== Segment start ==

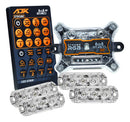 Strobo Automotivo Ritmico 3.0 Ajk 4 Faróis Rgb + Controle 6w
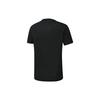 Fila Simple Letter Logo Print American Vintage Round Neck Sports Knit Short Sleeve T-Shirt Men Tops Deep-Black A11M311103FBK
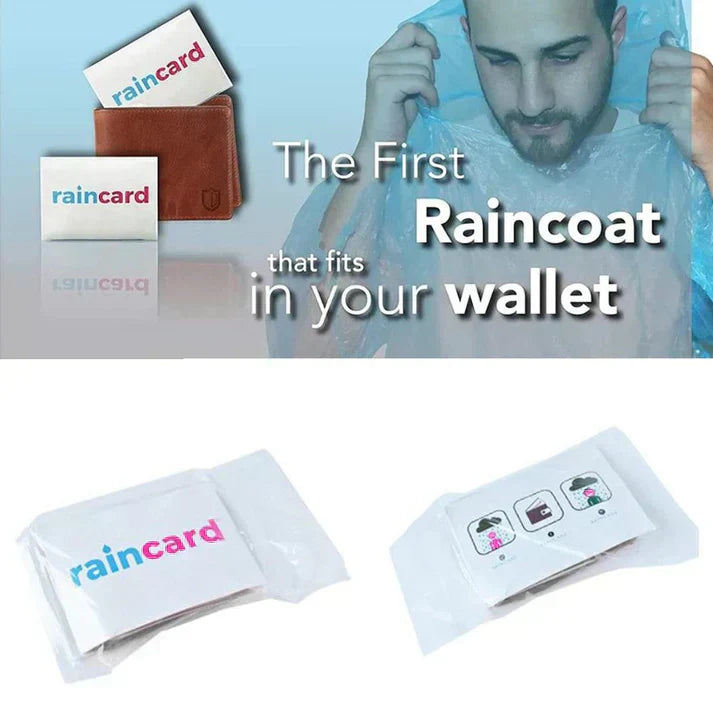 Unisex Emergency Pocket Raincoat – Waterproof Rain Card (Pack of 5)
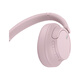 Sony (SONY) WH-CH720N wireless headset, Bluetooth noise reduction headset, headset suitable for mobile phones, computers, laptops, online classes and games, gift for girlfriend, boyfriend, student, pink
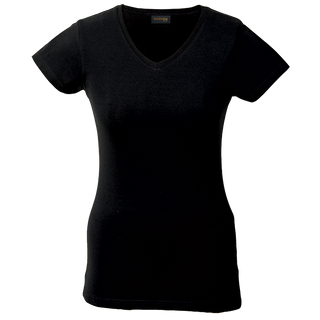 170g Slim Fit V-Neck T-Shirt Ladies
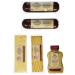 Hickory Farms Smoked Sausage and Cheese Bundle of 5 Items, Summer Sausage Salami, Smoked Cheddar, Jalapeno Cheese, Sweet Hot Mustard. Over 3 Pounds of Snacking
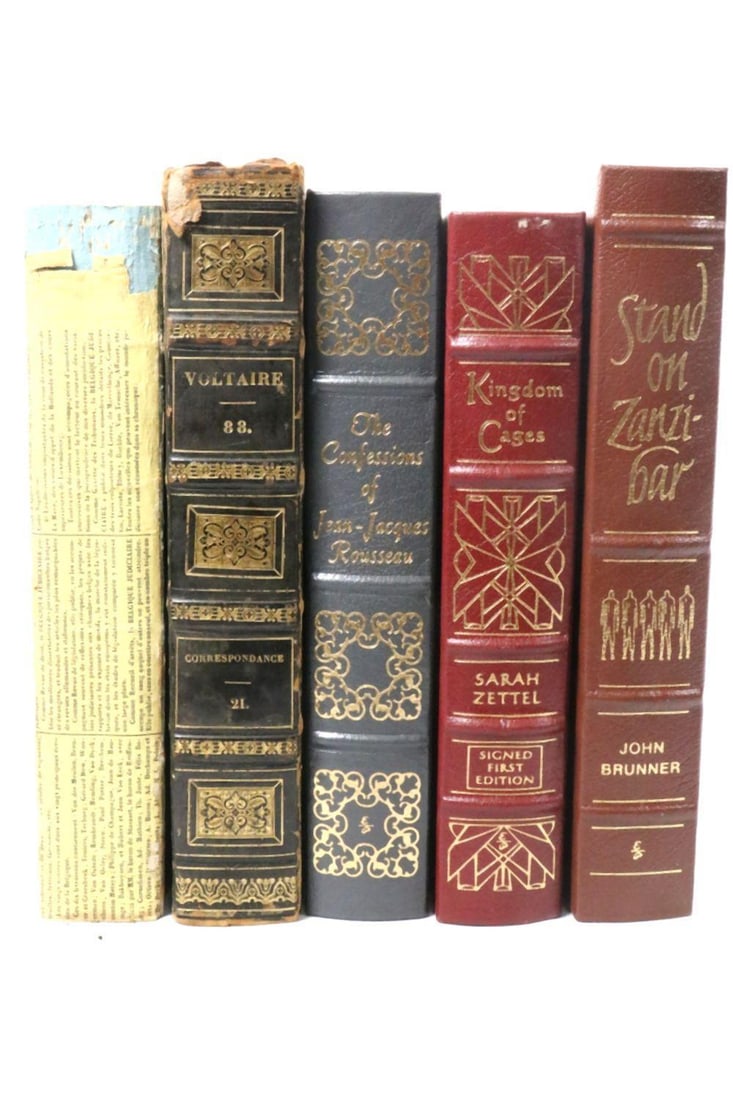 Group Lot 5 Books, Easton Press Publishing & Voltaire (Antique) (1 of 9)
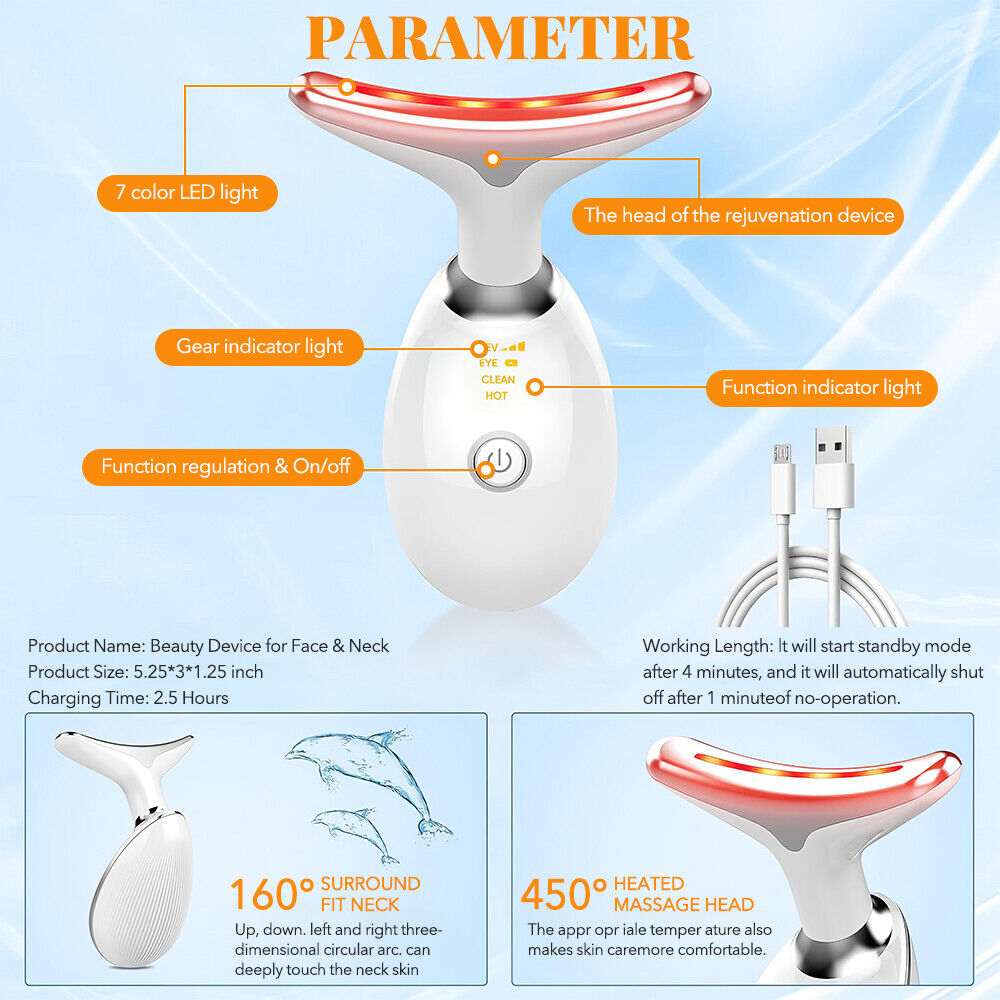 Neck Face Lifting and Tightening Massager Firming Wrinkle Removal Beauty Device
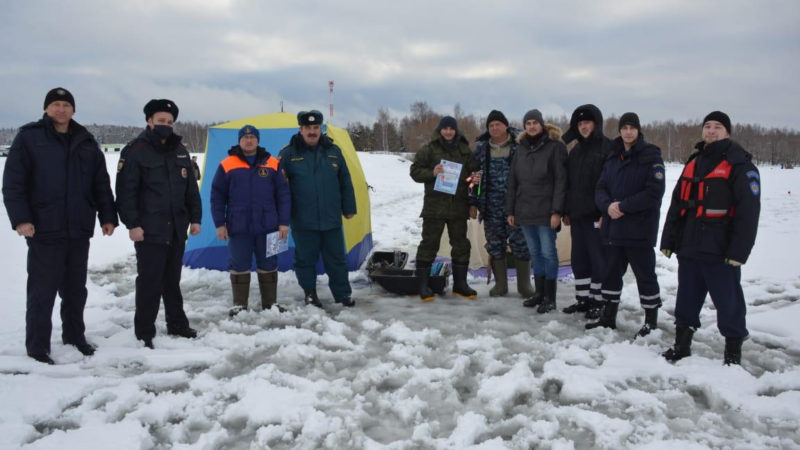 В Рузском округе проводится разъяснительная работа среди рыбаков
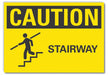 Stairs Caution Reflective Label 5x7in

== Segment end ==
== Segment start ==

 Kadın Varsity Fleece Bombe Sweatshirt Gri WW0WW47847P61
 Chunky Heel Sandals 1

== Segment end ==

YOUR OBJECTIVE: What is needed is an exact copy of the lines above from the one with "Sony (SONY) WH-CH720N" to the one with "Stairs Caution Reflective Label 5x7in", both ends kept, and nothing more; please leave the pictures out.

RESPONSE TO THE EXERCISE:
 Sony (SONY) WH-CH720N wireless headset, Bluetooth noise reduction headset, headset suitable for mobile phones, computers, laptops, online classes and games, gift for girlfriend, boyfriend, student, pink
 170g Slim Fit V-Neck T-Shirt Ladies
 Hickory Farms Smoked Sausage and Cheese Bundle of 5 Items, Summer Sausage Salami, Smoked Cheddar, Jalapeno Cheese, Sweet Hot Mustard. Over 3 Pounds of Snacking
 Group Lot 5 Books, Easton Press Publishing & Voltaire (Antique) (1 of 9)
 Neck Face Lifting and Tightening Massager Firming Wrinkle Removal Beauty Device
 В Рузском округе проводится разъяснительная работа среди рыбаков
 Stairs Caution Reflective Label 5x7in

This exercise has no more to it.